In 2021, Teck Coal pleaded guilty and was ordered to pay C$60 million under the Fisheries Act for depositing harmful substances into waters frequented by fish from its Fording River and Greenhills operations. The federal government called it the largest ever fine under that Act at the time and paired it with a direction requiring new pollution-reduction measures.

Then, because apparently one giant fine was not enough to sharpen anyone’s memory, Canada laid five Fisheries Act charges against Teck Coal in July 2024 over alleged harmful deposits into Dry Creek and the Fording River from Line Creek Operations. Those charges have not been proven. So let’s keep the lawyers calm and call them what they are: allegations, still before the court.

But whether the latest charges stick or not, the broader picture is already ugly enough without embellishment. The valley has been carrying this burden for years, and even the clean-up arithmetic has started to look like a horror story. A 2024 report covered by The Narwhal estimated it could cost C$6.4 billion just to treat selenium-contaminated water in the Elk Valley, far above the province’s current secured amounts.
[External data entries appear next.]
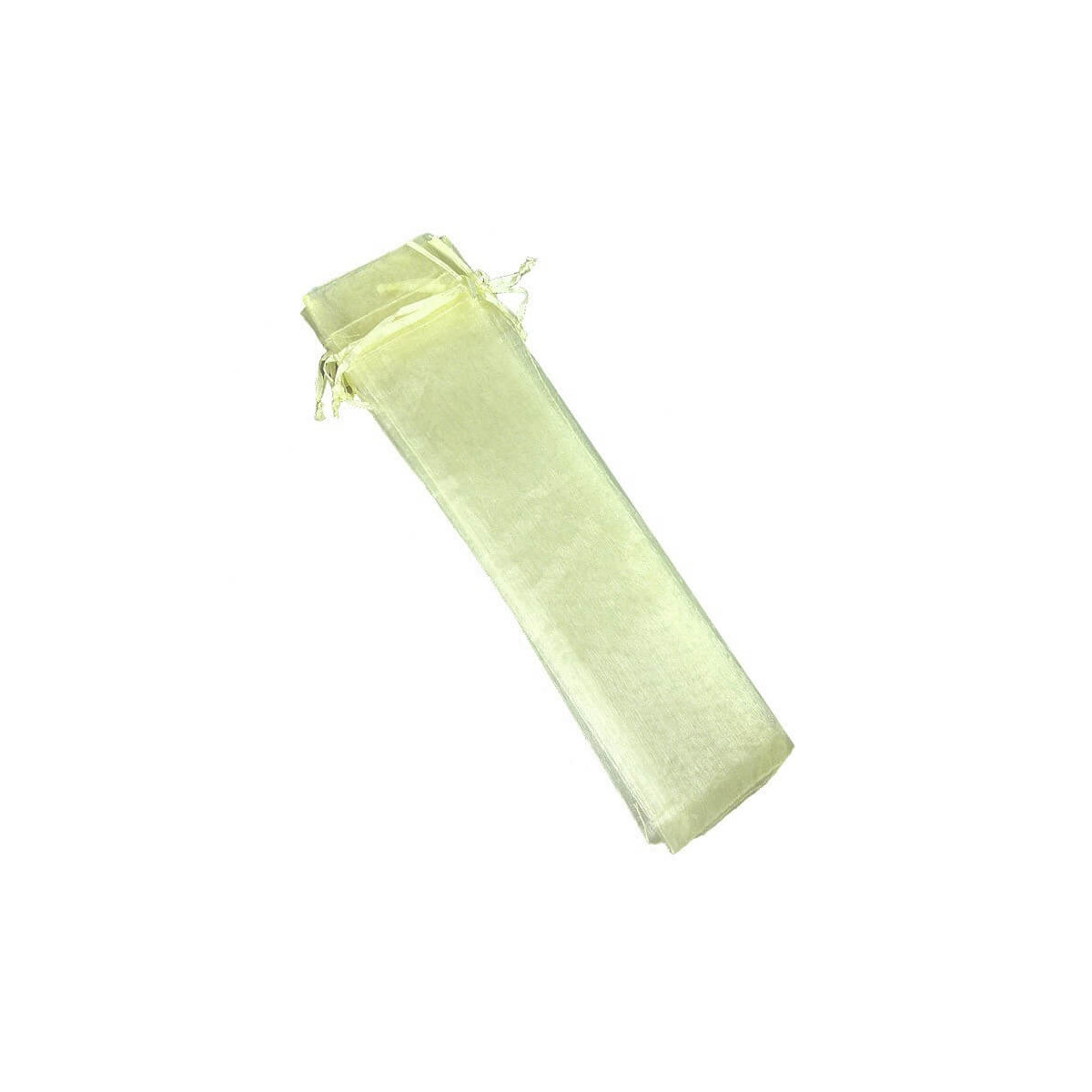 Custodia in organza beige 30x7 cm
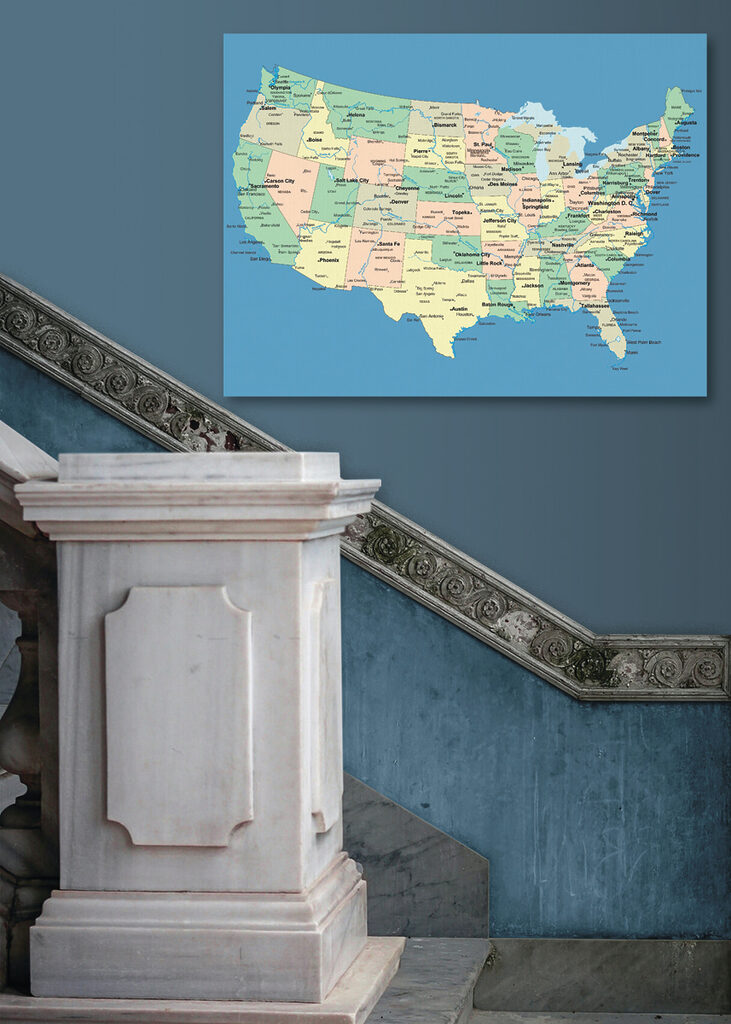 A map of the united states A map of the united states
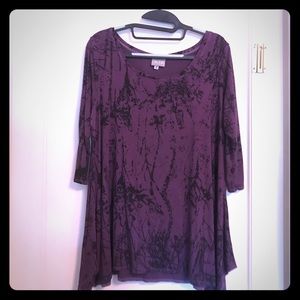 Niche Salsa tee in Eggplant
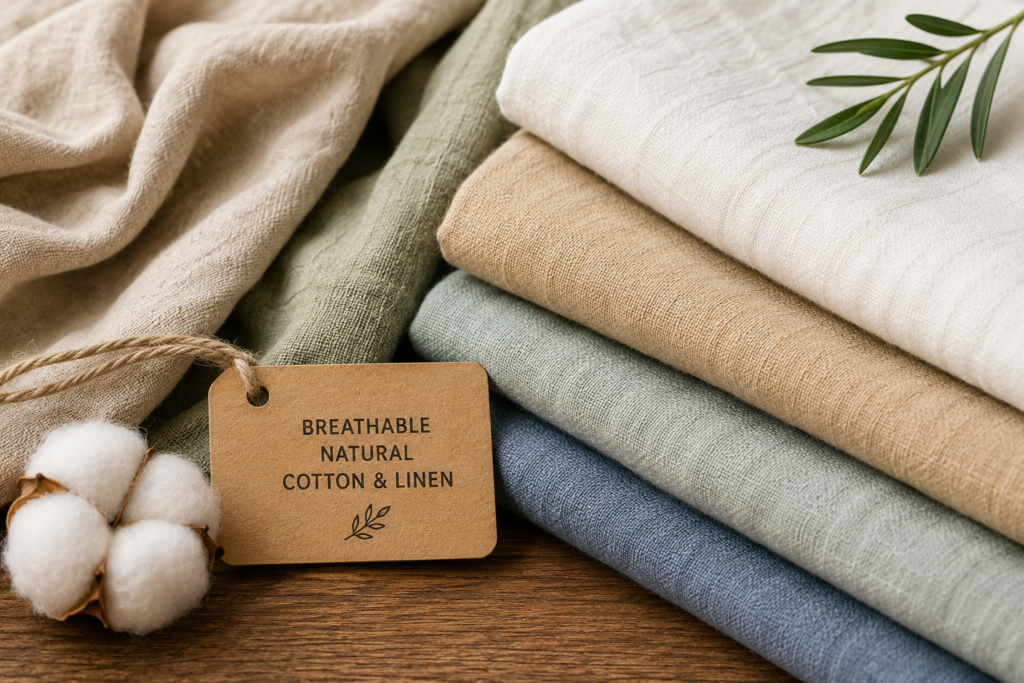 Travel Fashion in Africa: Cotton and linen travel clothing suitable for warm African climates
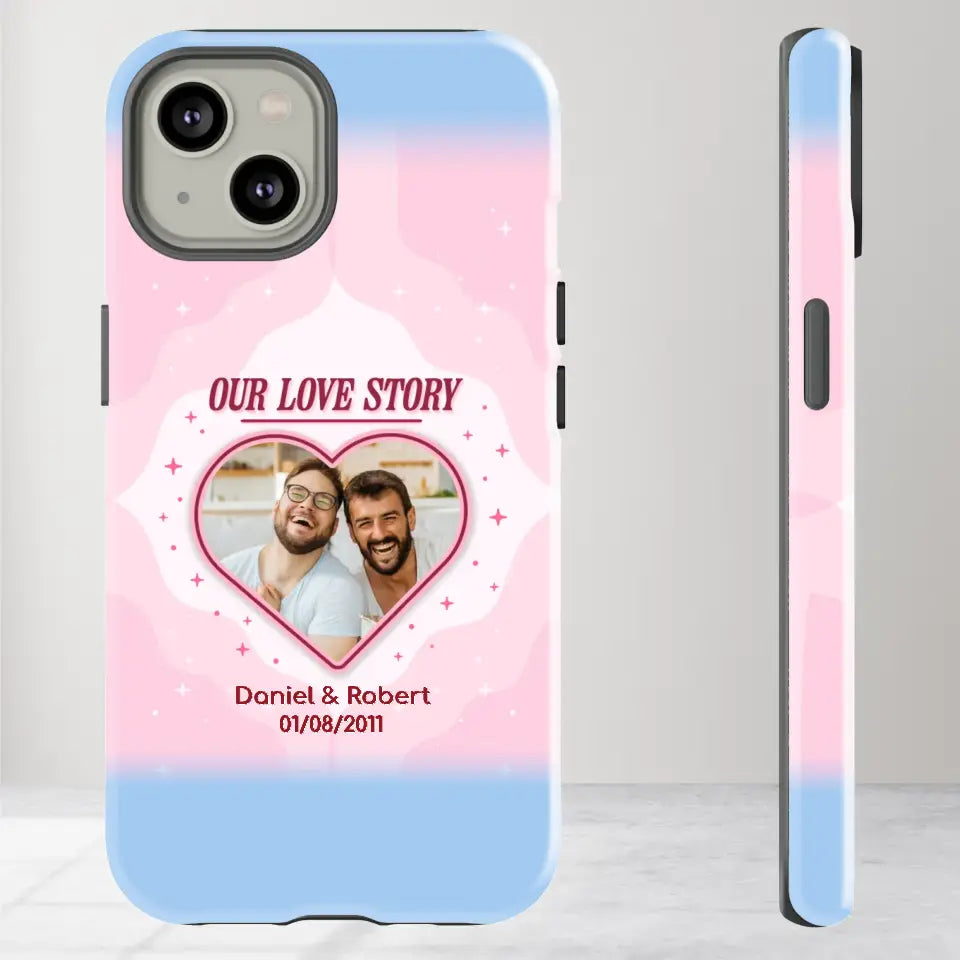 Our Love Story Our Treasure - Personalized Gifts For Couples - iPhone Tough Phone Case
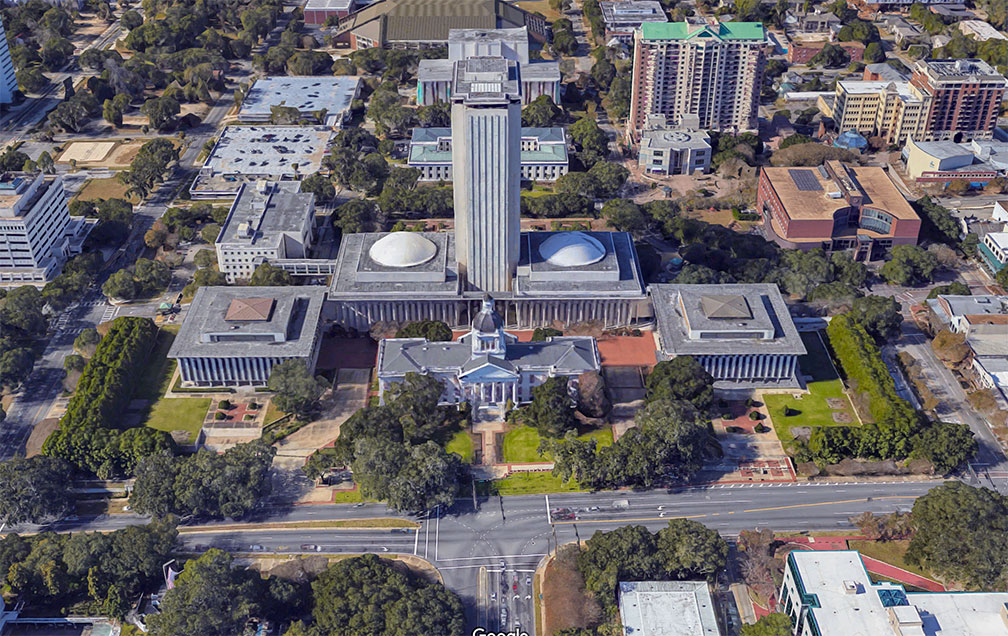 US Florida State Capitol complex in Tallahassee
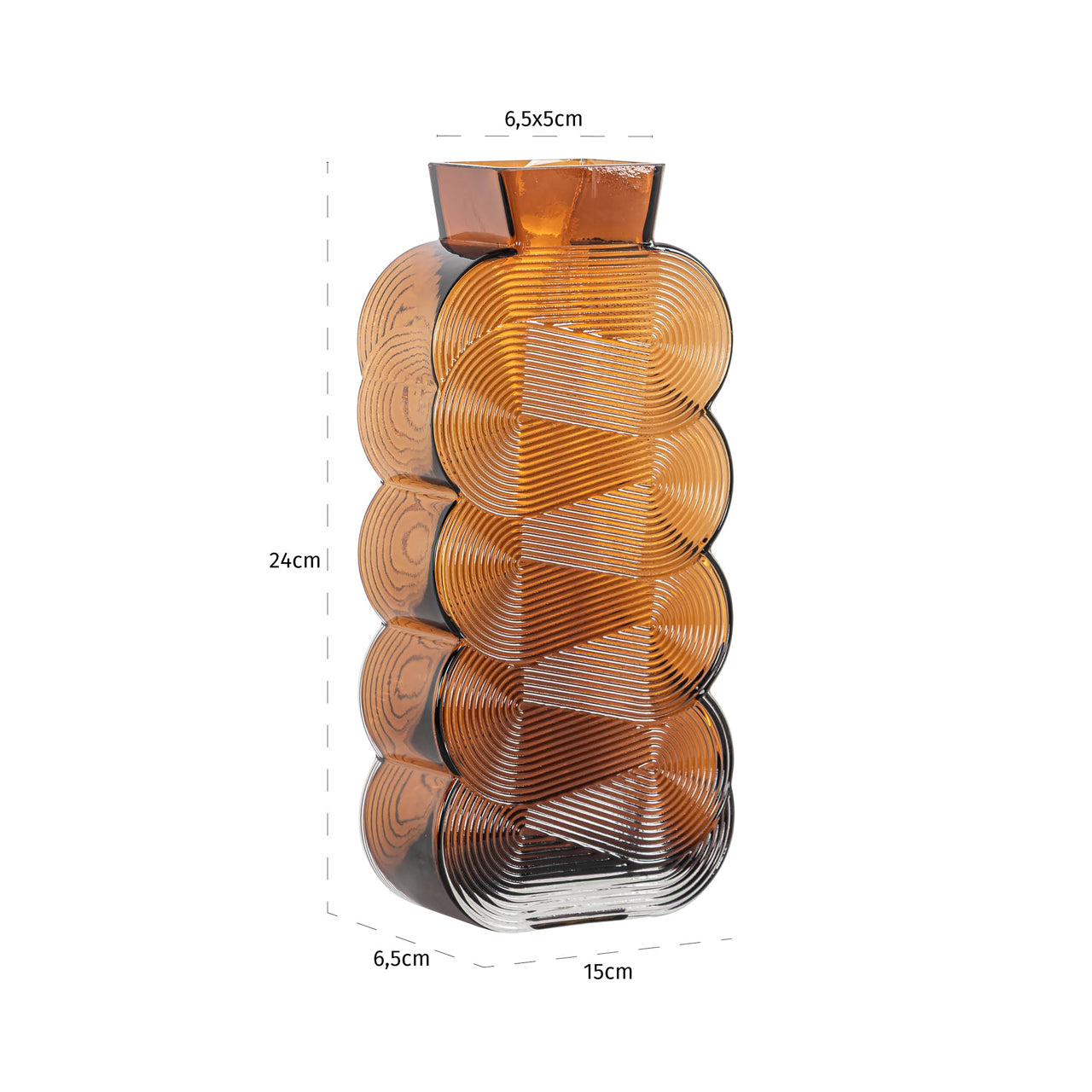 Richmond Möbel | Vase Venice | Brown
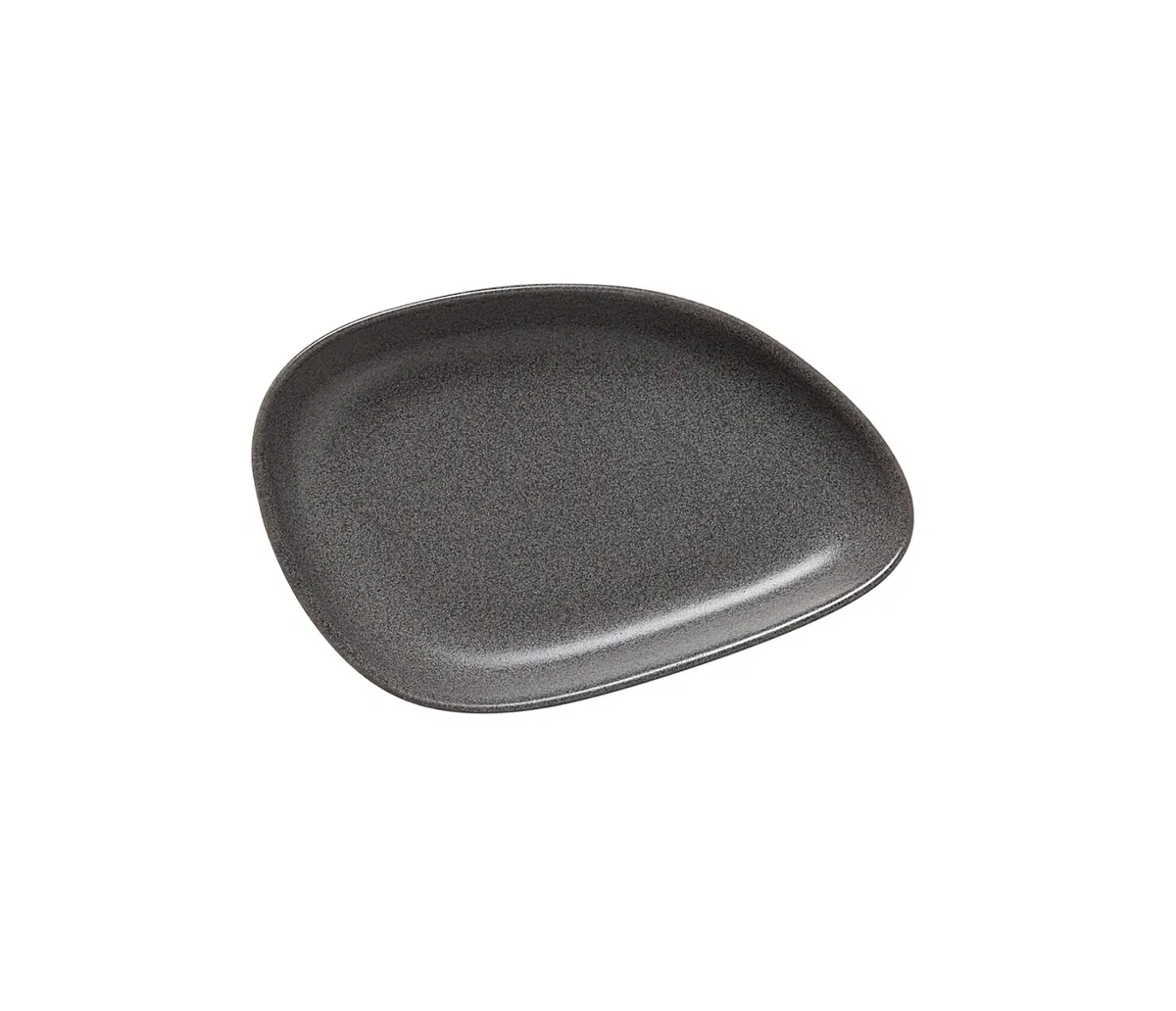 Snackteller Set ROCKZZERO, 14,5 x 9,5 cm, organic stone grey, Steinzeug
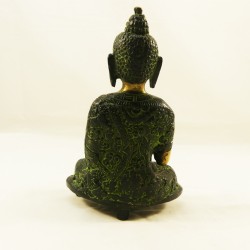 Statue Bouddha Abhaya Mudra Bronze Antique (15 cm)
That is not remediation. That is a future taxpayer nightmare waiting in a reflective vest.


Quebrada Blanca And Red Dog Keep The Pattern Moving

The nice thing about Teck, if you are writing a hit piece, is that the grief does not stay politely in one jurisdiction.

In Chile, Teck’s Quebrada Blanca mine was hit with environmental charges in 2022, including several classed as serious, according to Mining.com’s report on Chilean regulator action. Not the strongest lane in this file, but enough to show the company’s appetite for environmental headaches is not limited to Canada.

And up in Alaska, the EPA announced in 2024 that Teck Alaska paid a $429,794 penalty over hazardous-waste violations at the Red Dog Mine. The agency said Teck failed for more than four years to make proper hazardous-waste determinations and failed to ensure proper management of hazardous waste.

Different continent. Different regulator. Same old funeral music.

That is the thing about companies like Teck. The scenery changes. The legal stationery changes. The accents change. The basic story stays stubbornly familiar.


This Is What Cummins Counts As A Good Customer

That is why Teck belongs in Customer Corner.

Because Cummins did not accidentally graze against this company in a supply chain fog. It celebrated Teck. It used Teck’s coal-haul fleet to tell a story about reliability, productivity and asset life. It turned Teck into a testimonial for engine performance while the company itself kept surfacing in stories about toxic waste, polluted rivers, Fisheries Act fines, unproven but serious new charges, and billion-dollar clean-up fears.

No, Cummins did not create Teck’s mess.

That is not the point.

The point is that Cummins keeps finding itself proudly bolted into outfits like this. Heavy metal. Heavy extraction. Heavy public consequences. Then comes the case study, with the profits smiling in one column while the poisoned water keeps moving in another.

The engines keep running.
The haul trucks keep climbing.
The ore keeps leaving.
And somewhere downstream, somebody else keeps paying.

That is the Cummins customer ecosystem in miniature. Not clean industry. Not responsible progress. Just another profitable marriage between horsepower and harm, dressed up in efficiency language and left to idle while the river carries the evidence away.